Plaintiff had the surgery in May 2020 and suffered a complication, eventually leading to a stroke and permanent disability. Plaintiffs sued the surgeon for professional negligence and amended the complaint to add claims for willfulness, gross negligence, and bad faith. Defendants asserted COVID-19 immunity under the executive orders and later statutory codification. Defendants moved to dismiss based on the immunity defense and moved to compel arbitration. The trial court denied both and the Court of Appeals affirmed.

The COVID-19 executive orders and later statutory codification provided immunity to healthcare workers as “auxiliary emergency management workers” and that services provided by them “shall be considered emergency management activities.”  The statute further denominated such services as “emergency management activity.” Defendants argued that the spinal surgery was an emergency management activity because it was performed during the height of the pandemic.
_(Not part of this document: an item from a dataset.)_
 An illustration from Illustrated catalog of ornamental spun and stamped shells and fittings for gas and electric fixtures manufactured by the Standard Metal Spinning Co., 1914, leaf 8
The Court of Appeals disagreed, holding that, in light of the entire executive order and statutory scheme and intent, the limited immunity provisions apply to emergency services only. Because Defendants were providing elective, non-emergent services that were unrelated to COVID-19, they were not entitled to immunity.

Take-home: although broadly worded in some respects, the COVID-19 emergency orders and statutory protections are limited to claims related to COVID-19. It remains to be seen where the line is drawn in terms of treatment of COVID-19 the immunity goes, but the outer limits have been defined.

The case is Resurgens, LLC v. Ervin, __ S.E.2d __, 2023 WL 7011731 (Oct. 25, 2023).